Supplied data:
== Segment start ==
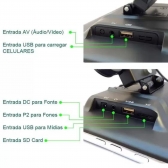 Tela de Encosto para Acoplar c/ Espelhamento 8 Pol Android - Preto - HT-ET801
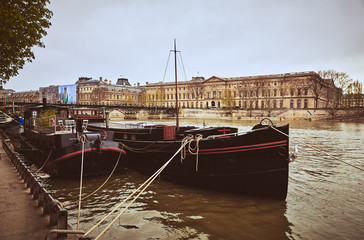 Barges on the Seine in Paris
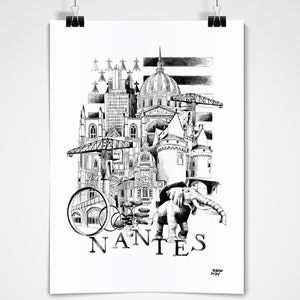 Nantes Poster Decorative and original poster Handmade wall art Unique travel poster Gift for him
== Segment end ==
Work item: Please copy the data above character for character, skipping any pictures.

Worked solution:
 Tela de Encosto para Acoplar c/ Espelhamento 8 Pol Android - Preto - HT-ET801
 Barges on the Seine in Paris
 Nantes Poster Decorative and original poster Handmade wall art Unique travel poster Gift for him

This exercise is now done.